Because feed is the biggest cost in pig production, feeding systems must deliver wet or dry feed efficiently with a minimum amount of waste.
Liquid feeding is very popular in Europe and many producers have survived bad times using by-products such as whey or brewery waste. Performance may not be as high but the cheap feed costs compensate. Increasing transport costs reduce the attractiveness of these feed sources however.
Nevertheless, even just feeding conventional rations mixed with water – called “soup“ in France – has some advantages over dry feed, not least in cutting wastage. Danish famers have been fans of liquid feeding for many years, probably dating back to the time when all Danish farmers had Landrace pigs and Danish Red cows.
The milk went to the dairy to make butter and the skimmed milk was brought back to the farms to be fed to the pigs along with a ground feed. Things have naturally changed since then. For example, today it’s possible to put 7kg (15lb) weaner pigs straight on to liquid feed. Originally, it was only possible to feed a 3: 1 water: feed mix. This was alright for sows and finishers but that ratio didn’t allow a very small pig to take in enough dry matter (DM) to grow well.
Liquid feeding technology
Modern technology makes it possible to pump feed with a much higher DM content and much younger pigs can be successfully wet fed averaging 650 grams a day from 7-30kg. The technology involved is explained by Jesper Vaerens of ACO-Funki, who explains that the ACO-Funki liquid feeding system is run by a PC using Windows XP software.

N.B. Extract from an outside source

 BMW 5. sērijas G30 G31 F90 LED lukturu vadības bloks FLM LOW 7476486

A back up program is kept on a memory stick and should the system crash the whole program and data can be downloaded from the stick. ACO–Funki uses a batch system – described as “soil to table” by Jesper. All the feed rations can be individually specified for each group of pigs. Plus, there are many options in terms of frequency of feeding. For example, weaners might be fed four times a day with two different feed mixes.
The system is programmed to check on the amount of power used when ingredients are ground. If excessive power is being used, the whole system is slowed down. Should the system get overloaded then all operations can be automatically shut down, to avoid burning out the motor. Additionally, a just-in-time option allows ingredients to be milled when required and in precise amounts.
Pre-mixer holding hoper
Hugo Holm, CEO of Big Dutchman (Skandinavien) A/S demonstrated its pre-mixer holding hopper at the 2009 Agromek trade fair in Herning, Denmark in late November. This hopper has a 2,000-litre capacity and sits directly above a BDS dry mixer. While a batch is being mixed, ingredients such as wheat, barley, soya and VATM are fed by weight into the holding hopper. Once the mixer is emptied, a pneumatically operated base plate opens allowing the next mix to drop by gravity into the now empty mixer.

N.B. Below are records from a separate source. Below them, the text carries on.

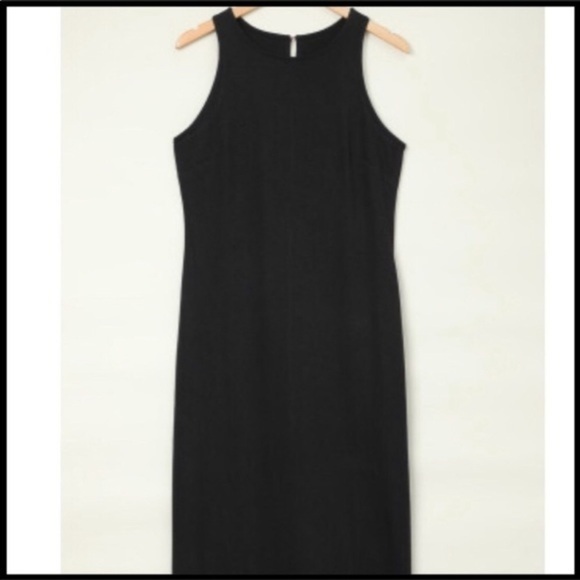Black sleeveless dress - Picture 12 of 14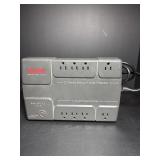 APC battery back-up surge protection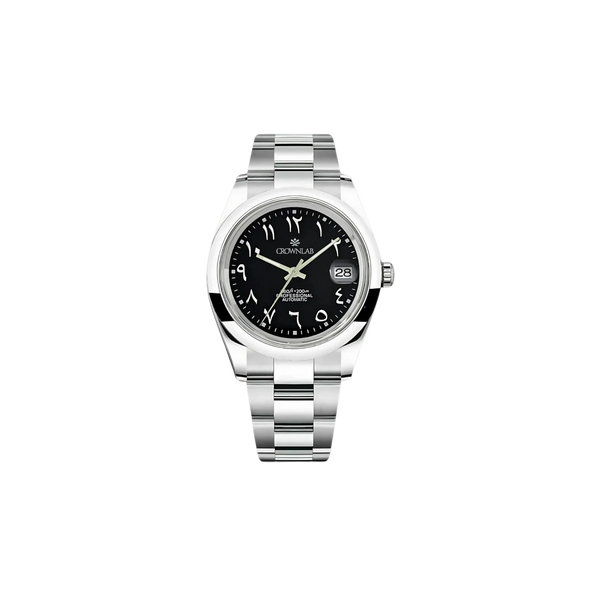 Arabic Heritage Edition – Stealth Black Bold - CrownLab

Often the mixer is a bottleneck in a mixing operation and this system may help the process become continuous, boosting output.
“For best performance pig feed needs to be very finely ground,” says Holm. “The problem is that often as the grind diameter decreases, so does mill output and heating of the milled feedstuff increases. The MBM mill is specially shaped so it draws extra air into the mill to increase the grinding capacity and reduce heating up of the ground grain, which reduces the risk of bridging and mould formation.”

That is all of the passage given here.